## RECORDS
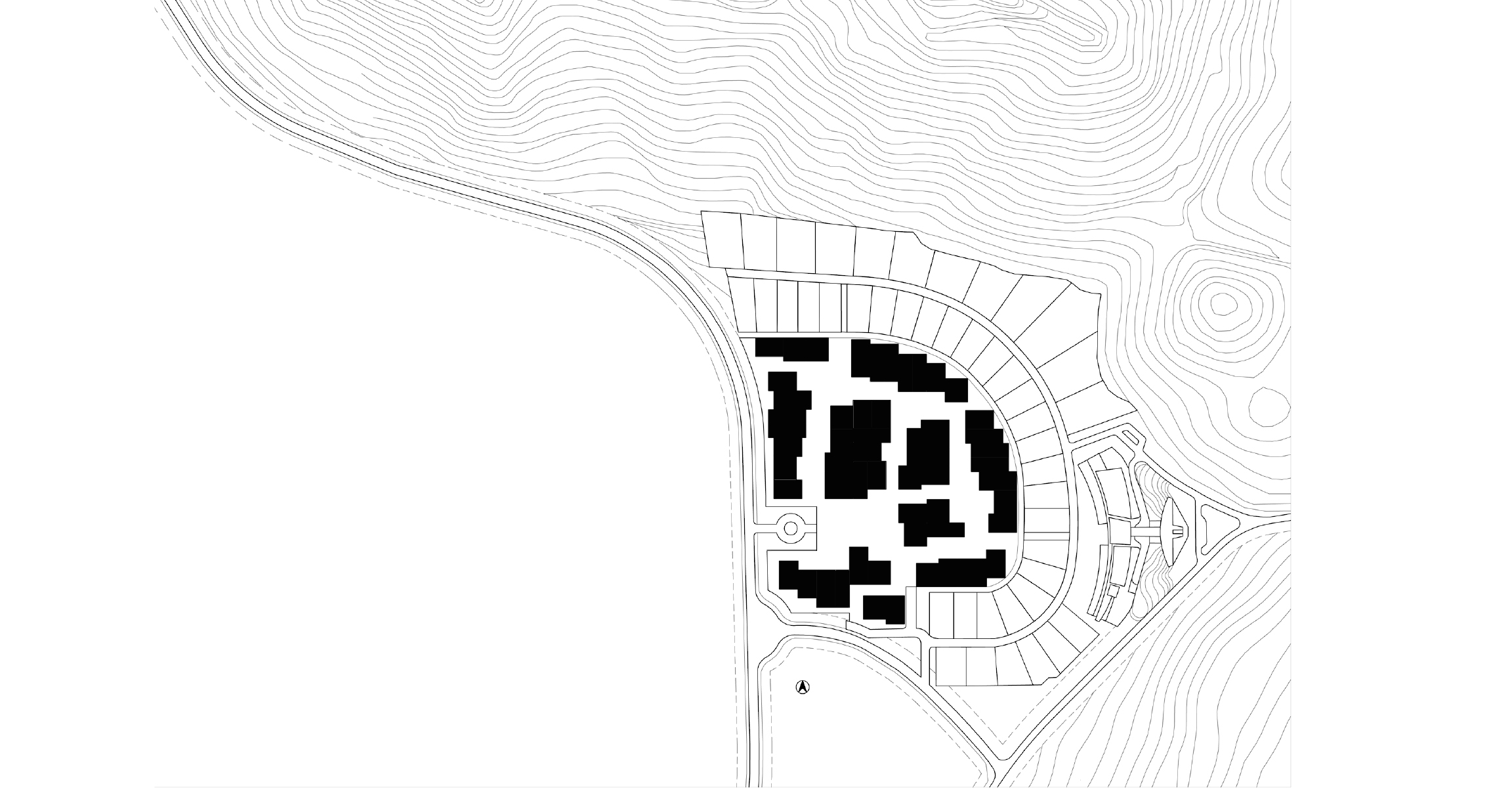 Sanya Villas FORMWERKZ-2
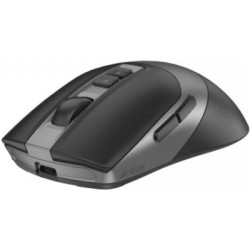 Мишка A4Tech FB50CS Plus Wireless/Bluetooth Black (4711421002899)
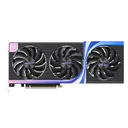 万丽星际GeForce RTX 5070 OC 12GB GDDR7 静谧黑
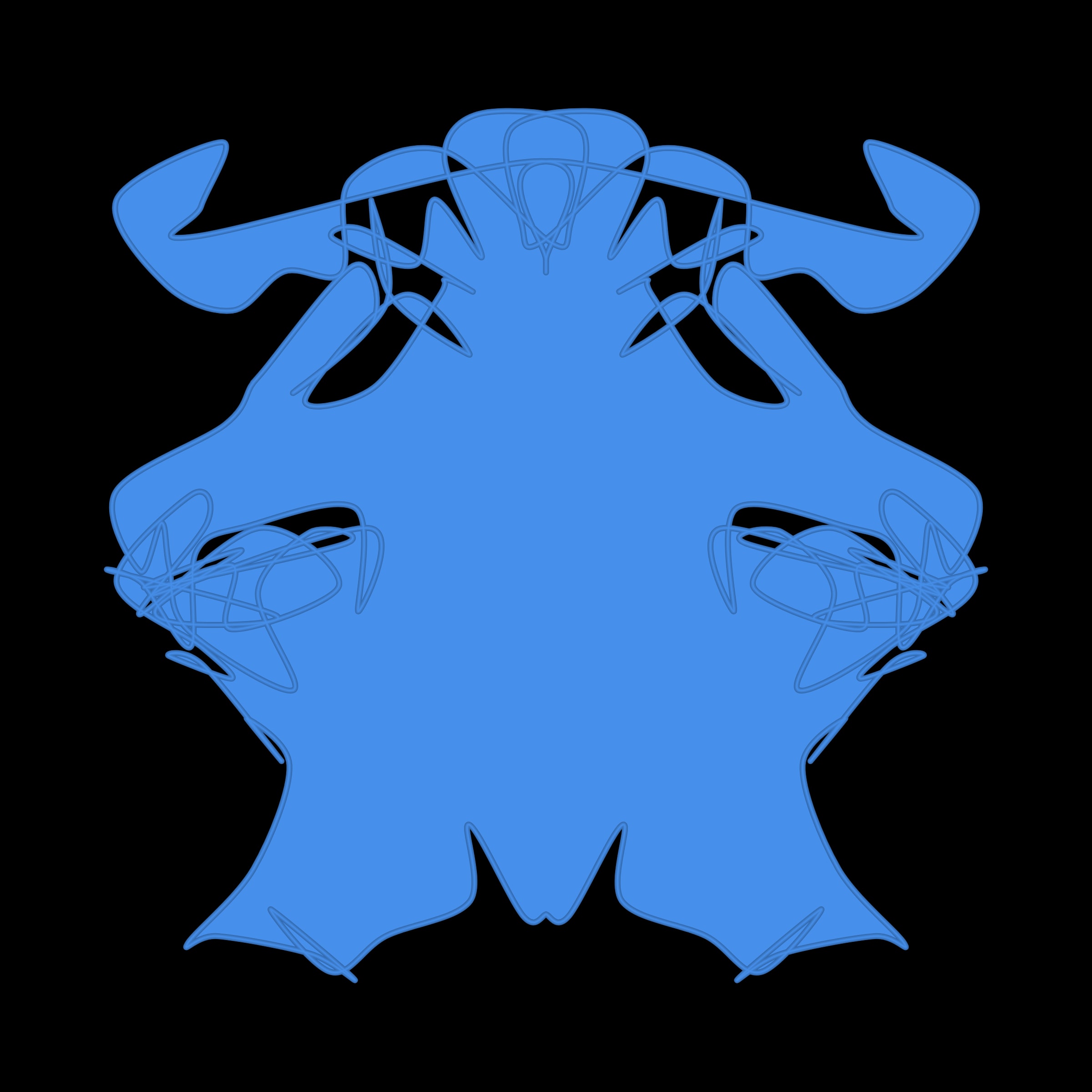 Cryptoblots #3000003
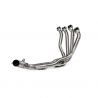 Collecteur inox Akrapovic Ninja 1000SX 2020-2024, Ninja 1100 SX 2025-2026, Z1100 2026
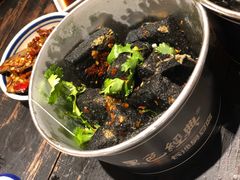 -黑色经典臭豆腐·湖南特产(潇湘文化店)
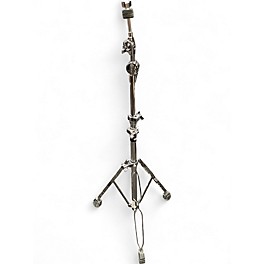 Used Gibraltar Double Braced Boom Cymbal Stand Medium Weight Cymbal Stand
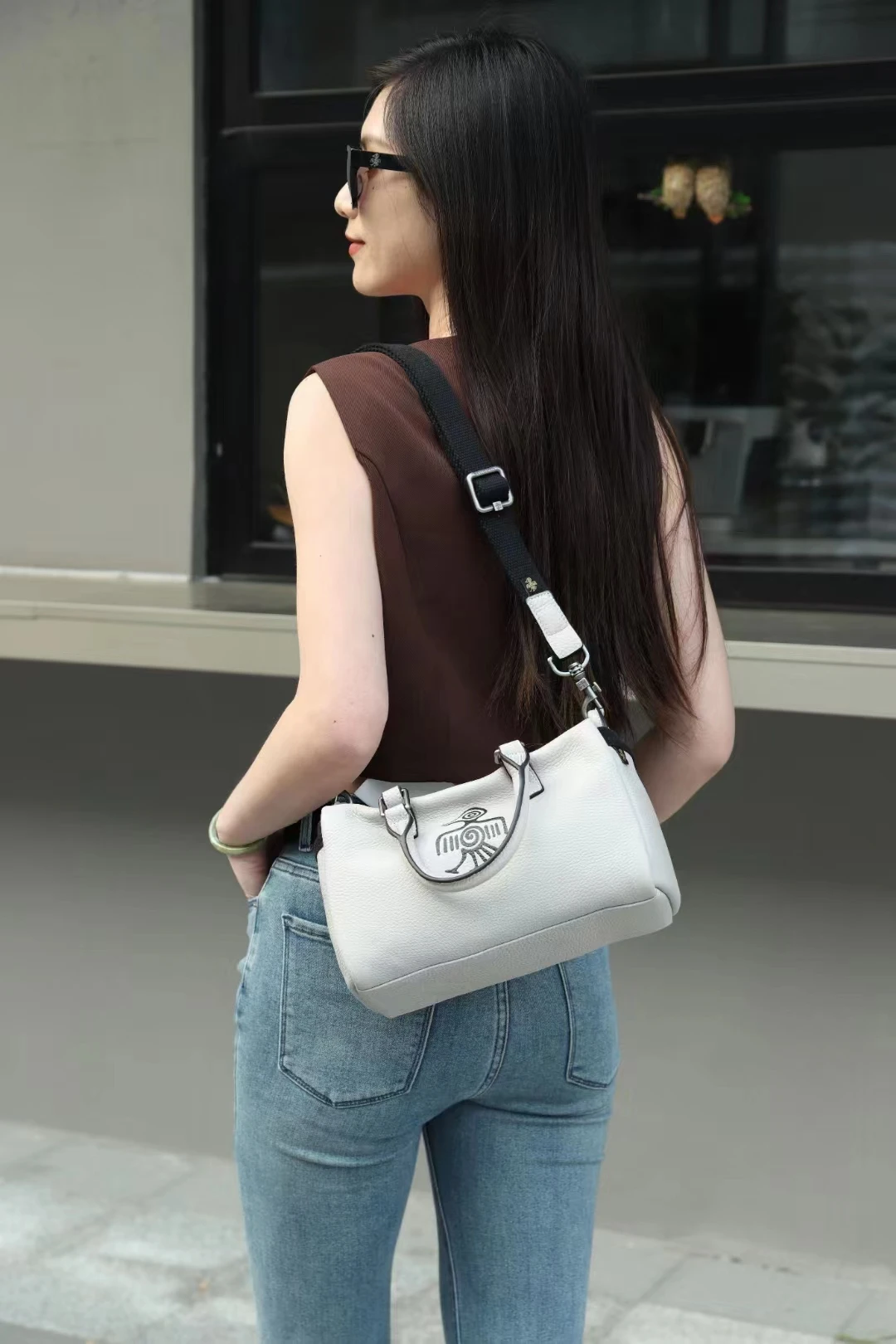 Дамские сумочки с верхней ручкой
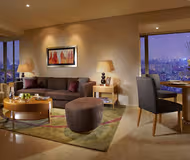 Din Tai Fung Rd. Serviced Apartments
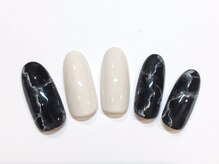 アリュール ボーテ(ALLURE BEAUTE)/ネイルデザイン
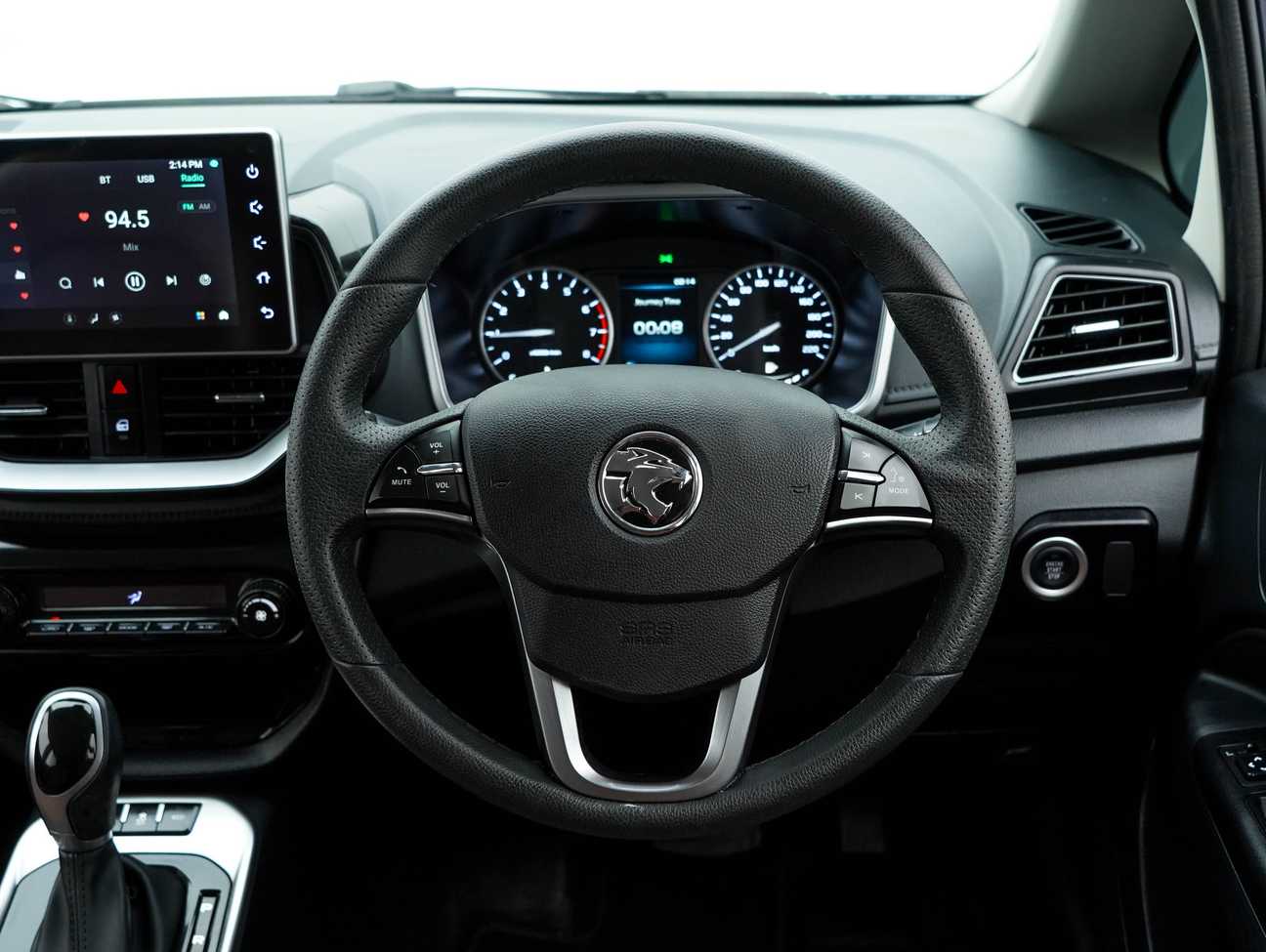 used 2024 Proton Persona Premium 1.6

## WHAT THE EXERCISE ASKS
Your copy should hold only the lines running from the one that contains "アリュール ボーテ(ALLURE BEAUTE)/ネイルデザイン" through the final line of the data; transcribe them exactly, both ends included, and leave pictures out.

## RESULT OF THE TASK
 アリュール ボーテ(ALLURE BEAUTE)/ネイルデザイン
 used 2024 Proton Persona Premium 1.6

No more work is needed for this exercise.